Scrap Chess Games with R
Wanting to stay abreast of recent developments in chess openings theory, I was looking for a database of the most recent high-level chess games. ChessBase GmbH offers the ‘Mega Database 2021’ but the price point is too high for me. The Week in Chess is a free weekly publication in two parts, a text and a games section with a round of the most important chess of the previous week. An archive of all editions is made available by the TWIC curator, Mark Crowthe.
Downloading, unzipping and combining the 400+ files (going back to 2012) by hand would take a long time. Fortunately R can automate the downloading while unzipping and merging can be done with a few command lines instructions.
The R code below lists all zipped files that can be found in the archive page before downloading them using the rverst
package.
library(tidyverse)
library(rvest)
library(stringr)
pgn_list <- read_html("https://theweekinchess.com/twic") %>%
html_nodes("a") %>% # find all links in the page
html_attr("href") %>% # get the url of those links
str_subset("\\g.zip") # remove links that are not pgn
# download all files in working directory
walk2(pgn_list,
basename(pgn_list),
download.file,
mode = "wb")
With macOS’s Terminal, these commands will unzip all files before merging them into a unique file.
# replace "/Users/olivier/Documents/Vrac/Echecs"

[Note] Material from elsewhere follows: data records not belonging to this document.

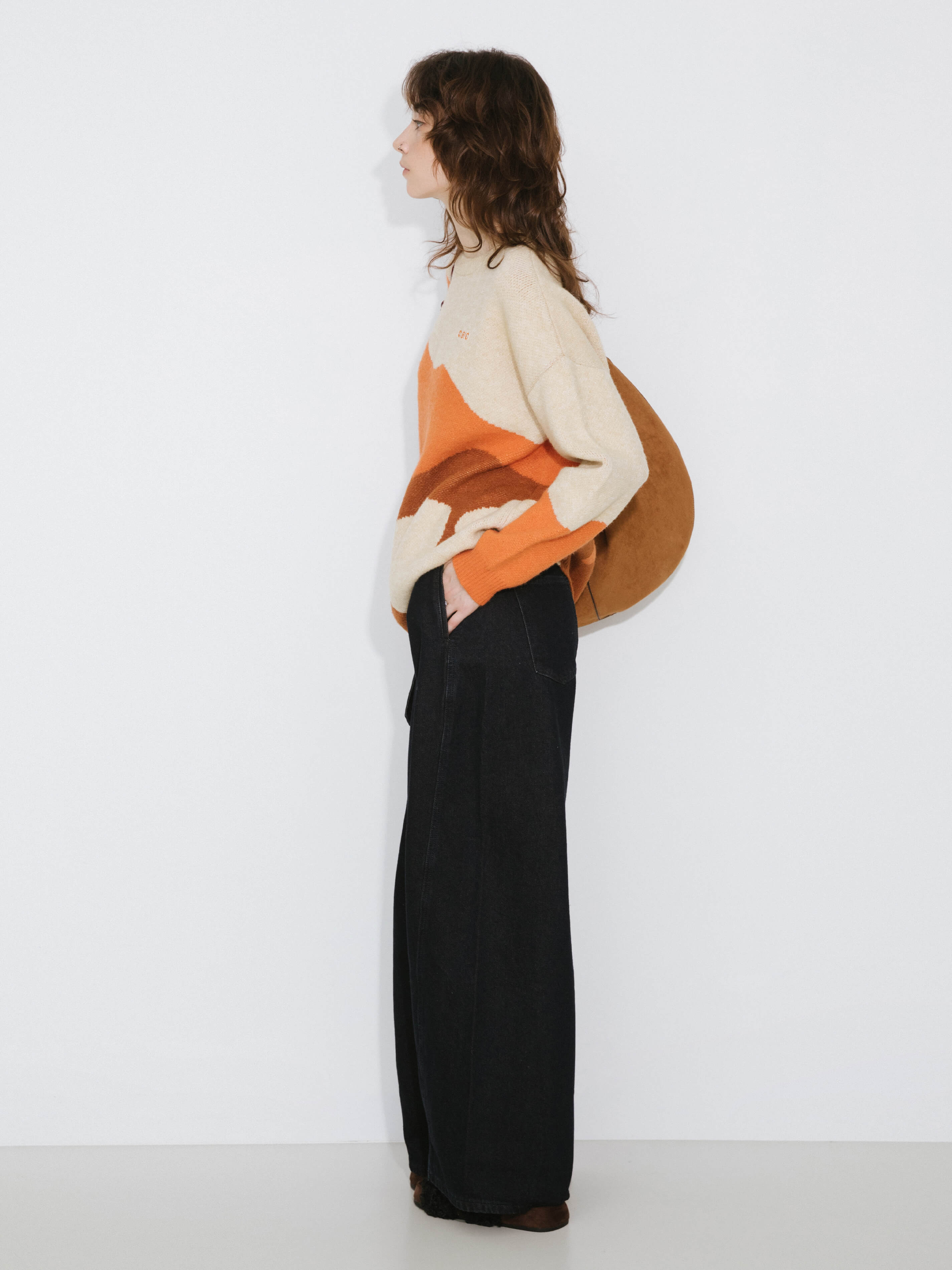 Melting Colour Block Oversized Knit Sweater-11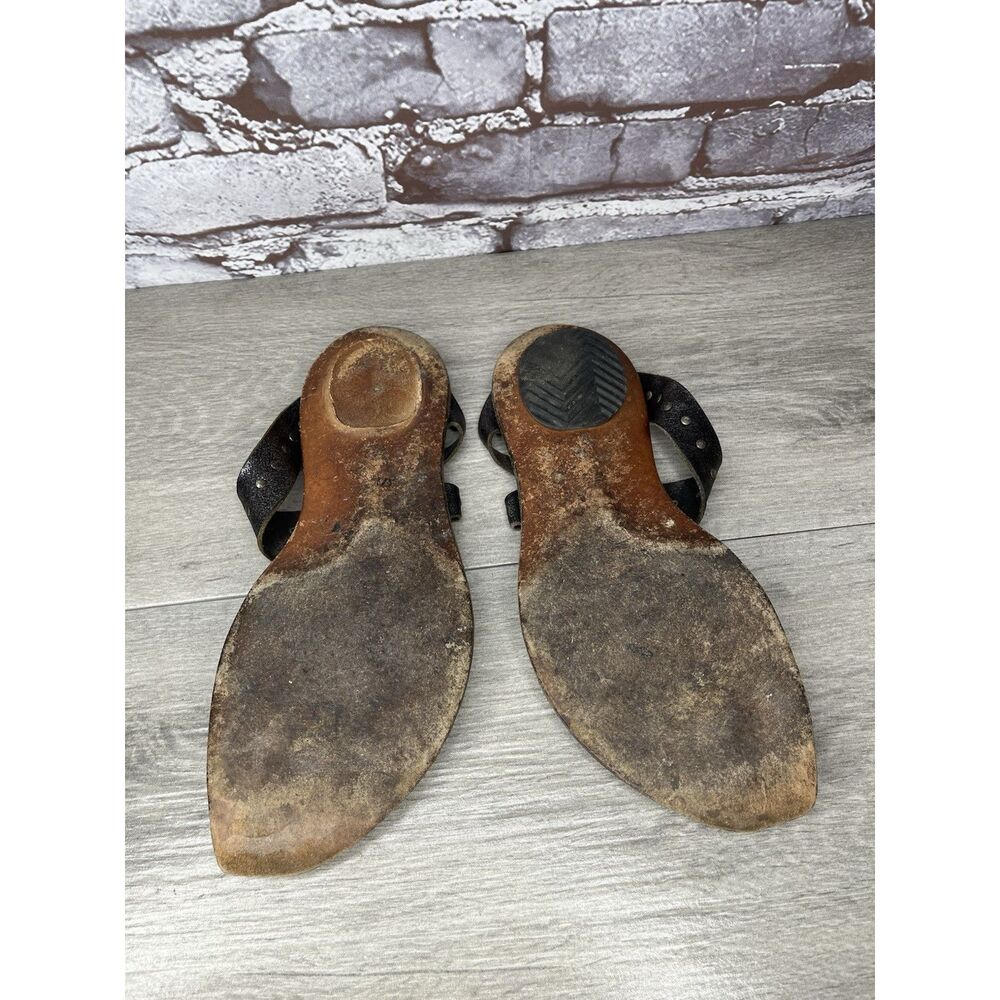 Cydwoq Studs Studded Toe Thong Sandals Women Sz 37EU/6M Brown Leather USA Made - Picture 15 of 16
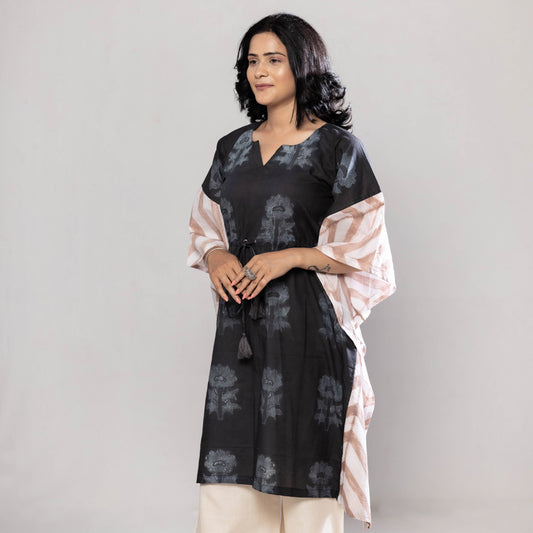 Black Nui Shibori Tie-Dye Cotton Kaftan Dress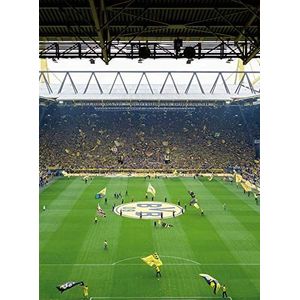 Fotobehang BVB Zuidtribüne stadion vliesbehang voetbal in geel zwart groen wit 192 x 260 cm XXL wandbehang wandafbeelding 119118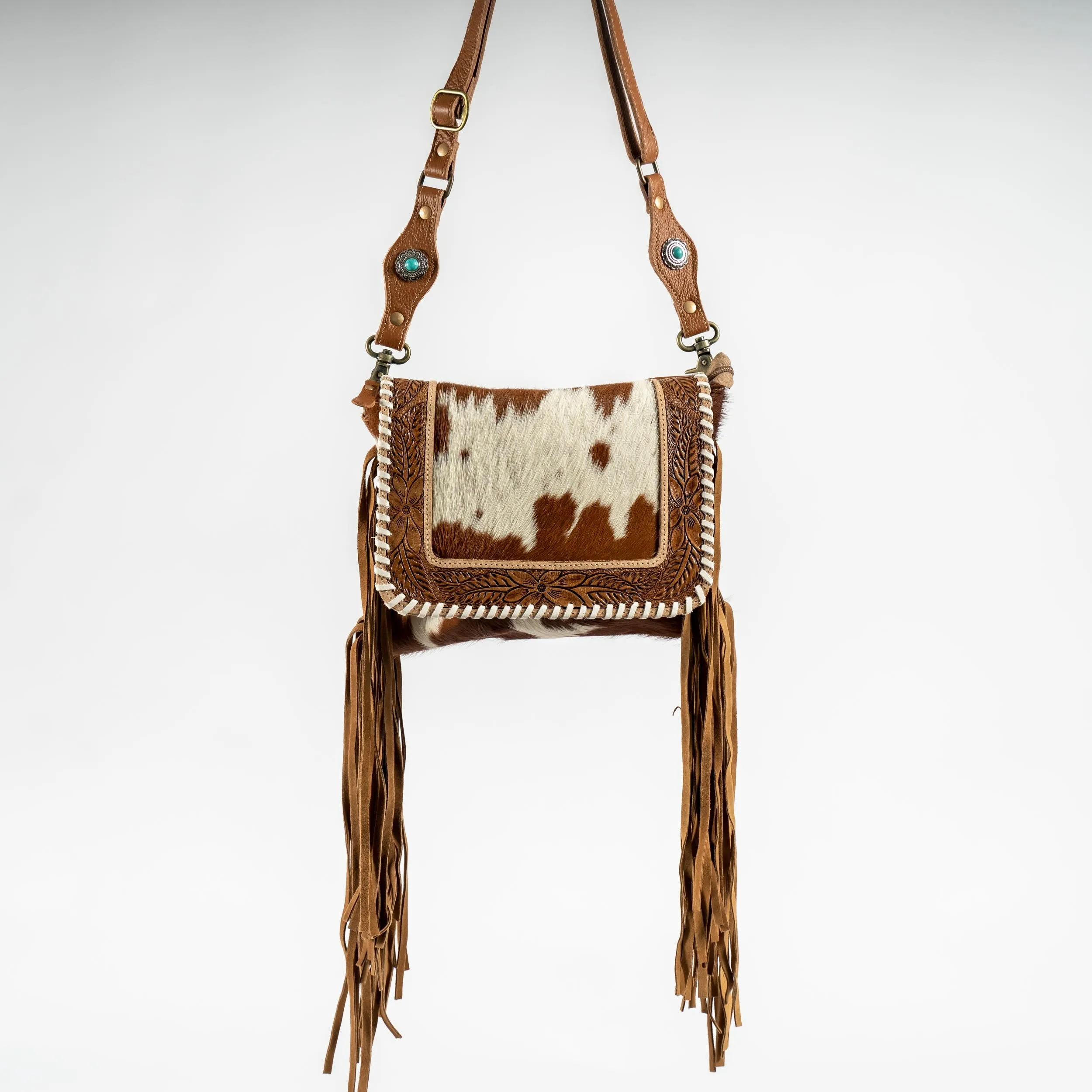 Fringe Front Flap Hand-Tooled Cowhide Purse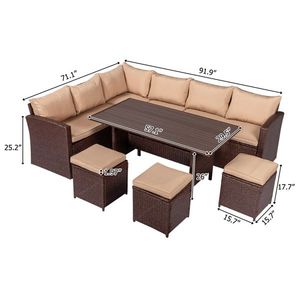 8-Piece Brown Wood Grain Outdoor Rattan Dining Set with Khaki Cushions & Plastic Wood Surface Garden Furniture - Product Image 6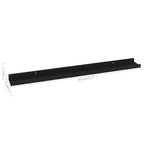 Mensola a muro set da 4 MDF nero intarsi decorativi medi
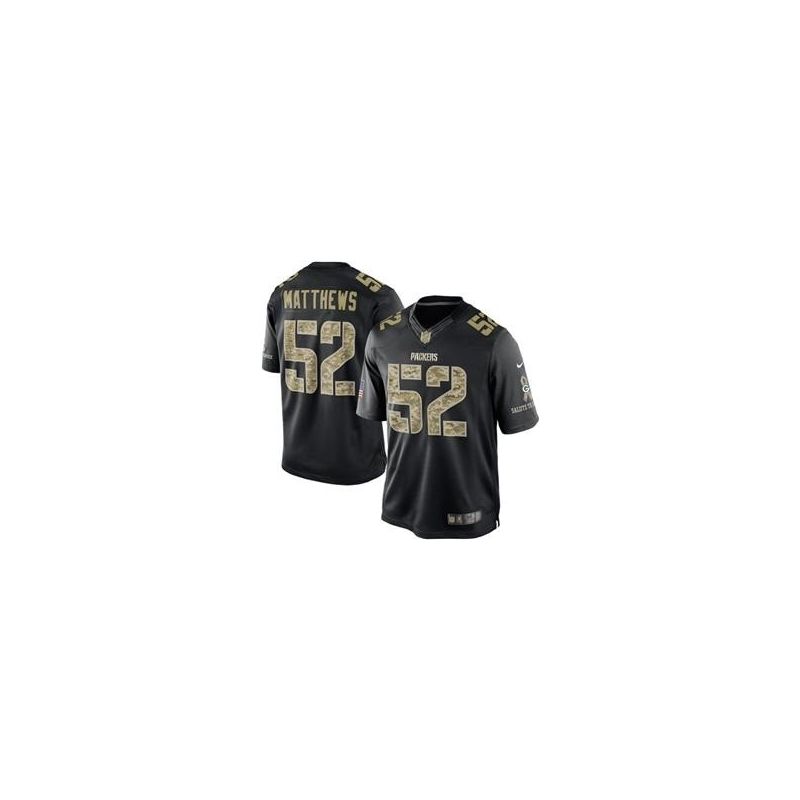 Cheap Clay Matthews Packers Jersey From China #52 Black Salute To Service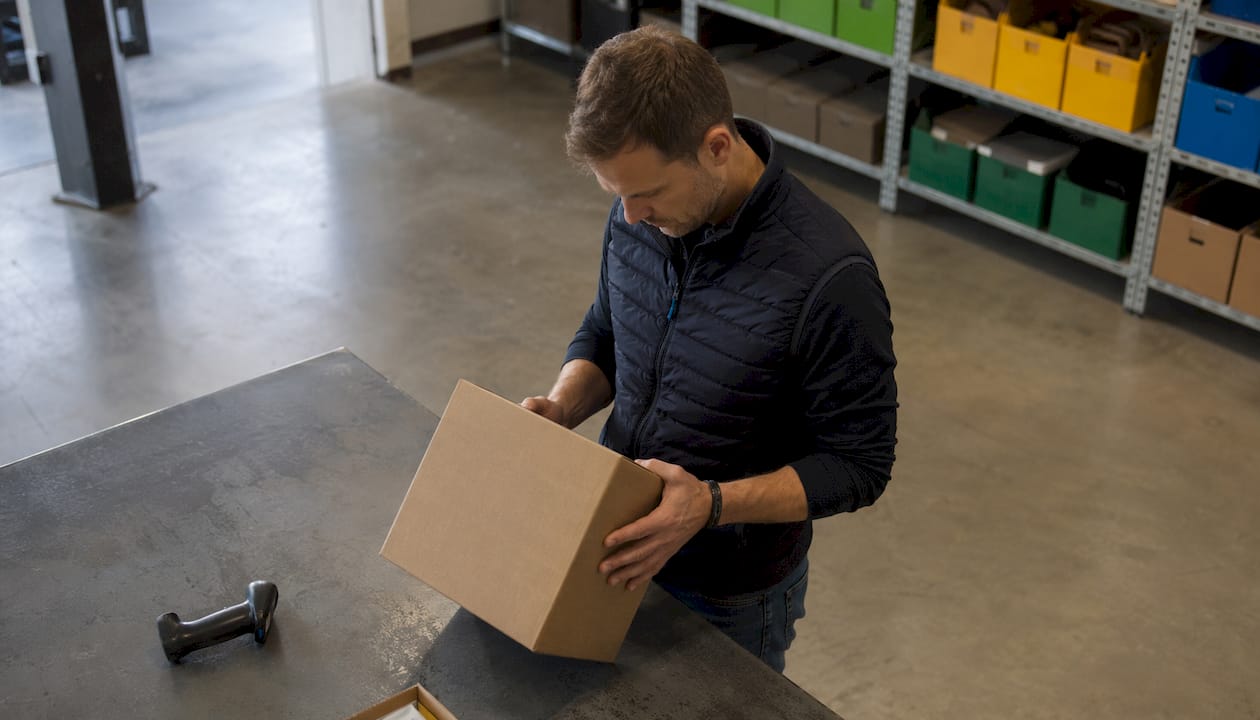 Un membre de l’équipe logistique procède au scan d’un colis retourné dès son arrivée à l’entrepôt.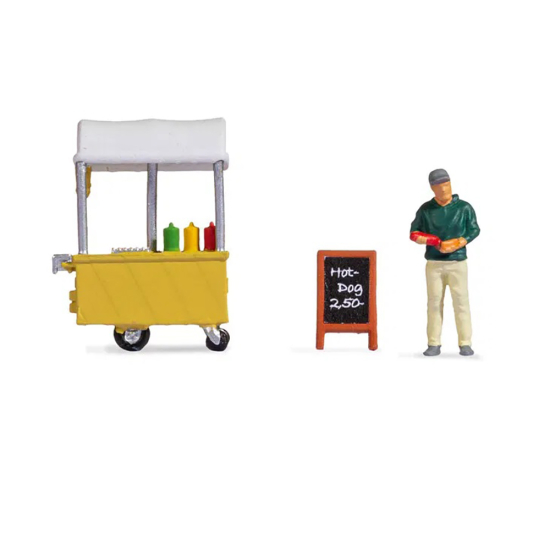 NOCH 16505. Mini scenka. Uliczny sprzedawca hot-dogów, skala H0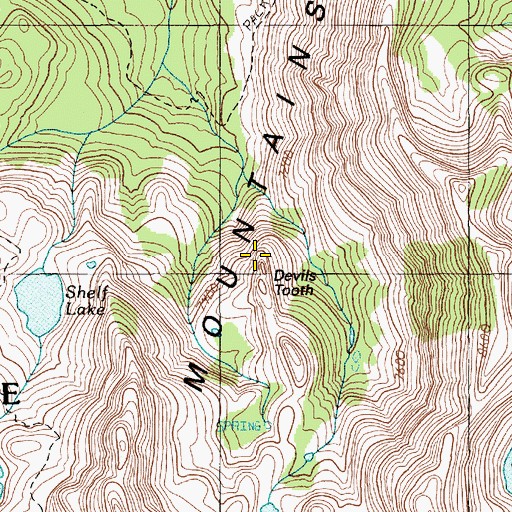 Topographic Map of Devils Tooth, ID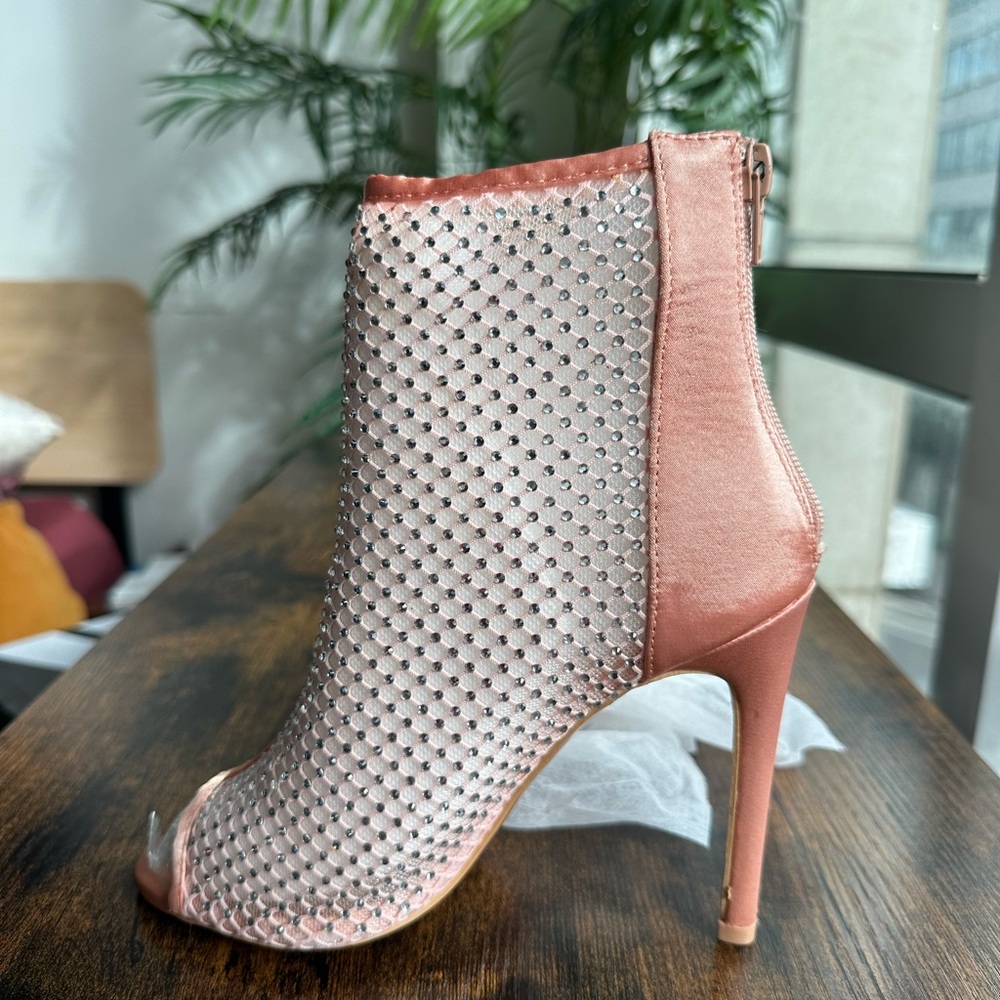 Lulu's Pink Rhinestone Peep-Toe Heels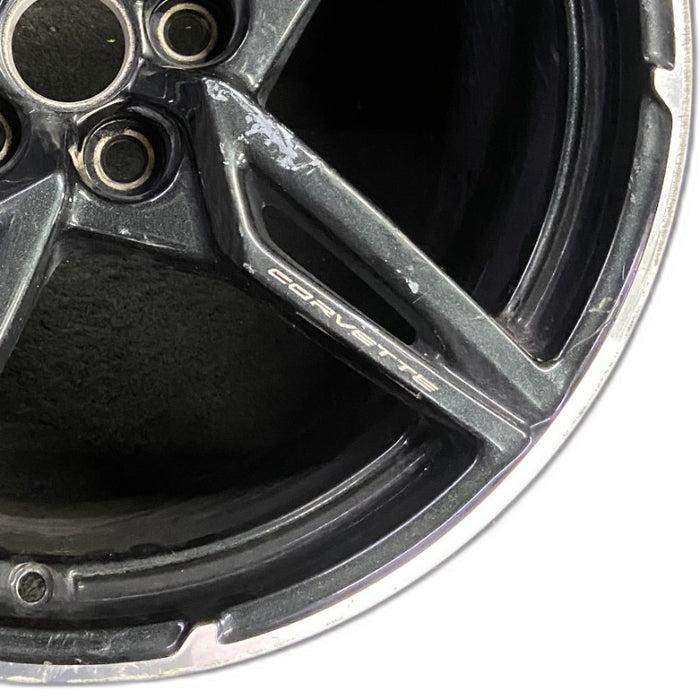 20" CORVETTE 20-22 rear 20x11 5 spoke black opt Q8Q Original OEM Wheel Rim - Close-Up Detail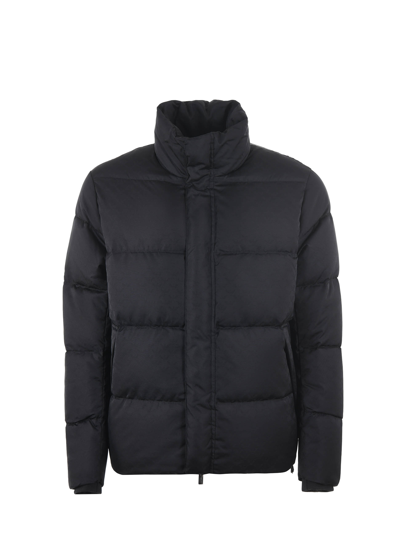 Emporio Armani Quilted Puffer Jacket With All-over Jacquard Eagle In Navy Blue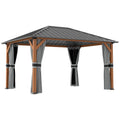 13' x 10' Hardtop Gazebo with Netting & Curtains, Galvanized Steel Frame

# with your working directory
cd /Users/olivier/Documents/Vrac/Echecs
find ./ -name \*.zip -exec unzip {} \;
rm -f *.zip
cat *.pgn > twic_merged.pgn
The resulting file, which combines all games, can be opened with any chess software (I use HIARCs Chess Explorer). Please note that the final file is a hefty size ranging from 1 to 2 Gb and might be too large to handle on your laptop. You can always remove some of the older files/games before performing the final merge. Enjoy the games!